Conceptual approach for a holistic low-flow risk analysis

The recent drought events (e.g. 2022) highlighted the impacts caused by hydrological drought and low-flow events to society and ecosystems. The consequences of low-flow events in recent years emphasizes the urgent need for a structured low-flow risk management. The DryRivers project aims to develop a software-based tool for an effective support of low-flow risk management. The low-flow risk analysis is the core of the supporting tool and will be described in detail in this work.

In the field of flood risk applications, scenario-based calculations are often performed. Due to a relative short duration of flood events between a few days to a few weeks and in general negligible hydrological interaction between temporal distant flood events, a clear distinction of such events is quite simple.

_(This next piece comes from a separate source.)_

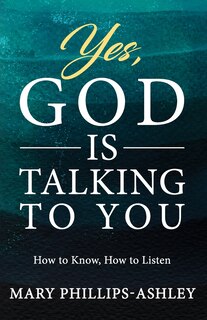 Front cover_Yes, God is Talking to You!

However, for low-flow risk modelling, the definition of scenarios is considerably more complex due to their long-term development and occurrence. Thus, hydrological conditions from previous years can be essential for the development of a low-flow event. Due to this, the use of long-term continuous time series seems to be more suitable for low-flow risk modelling than a scenario-based approach. This continuous approach has been used in flood risk analysis by Sairam et. al. (2021). In this work it is adapted and extended for low-flow risk analysis.

The approach to low-flow risk analysis consists of four basic analyses. These include the meteorological-hydrological analysis, which generates synthetic long-term weather data - using, e.g., a stochastic weather generator - and transforms these weather data into long-term runoff time series. Therefore, a rainfall-runoff model is applied, considering the catchment-specific characteristics. The hydrodynamic analysis quantifies water levels, water temperatures and flow velocities along the river. Core of the analysis is a numerical 1D-river model, which calculates the hydraulic values using runoff time series and river characteristics (e.g., cross sections). The influence of the near-surface groundwater on the river by in-/exfiltration is considered via a bidirectionally coupled 2D-groundwater model. Water temperature is determined in a unidirectionally coupled temperature model. Weather data and hydraulic values are transformed into water temperature within the river. Based on the time series of the hydraulic values the consequences of low-flow are quantified as sum over the considered period within the analysis of consequences. Different categories of low-flow consequences are considered: socioeconomic consequences, e.g., for shipping or industrial water use, as well as ecological consequences for fish and macrozoobenthos. Threshold approaches for quantifying impacts are generally applied in both categories. Finally, in the risk analysis, the low-flow risk is calculated by dividing the damage sums per consequence category with the number of simulated years. This results in an annual low-flow risk, e.g., in €/a. The calculated low-flow risk is an essential basis for a transparent and objective decision support in low-flow risk management.

This research is funded within the research framework of WaX (Wasser-Extremereignisse) by the Federal Ministry of Education and Research of Germany.

 

Sairam, N., Brill, F., Sieg, T., Farrag, M., Kellermann, P. and Nguyen, V. D. (2021), Process‐Based Flood Risk Assessment for Germany, Earth's Future 9 (10), DOI: 10.1029/2021EF002259.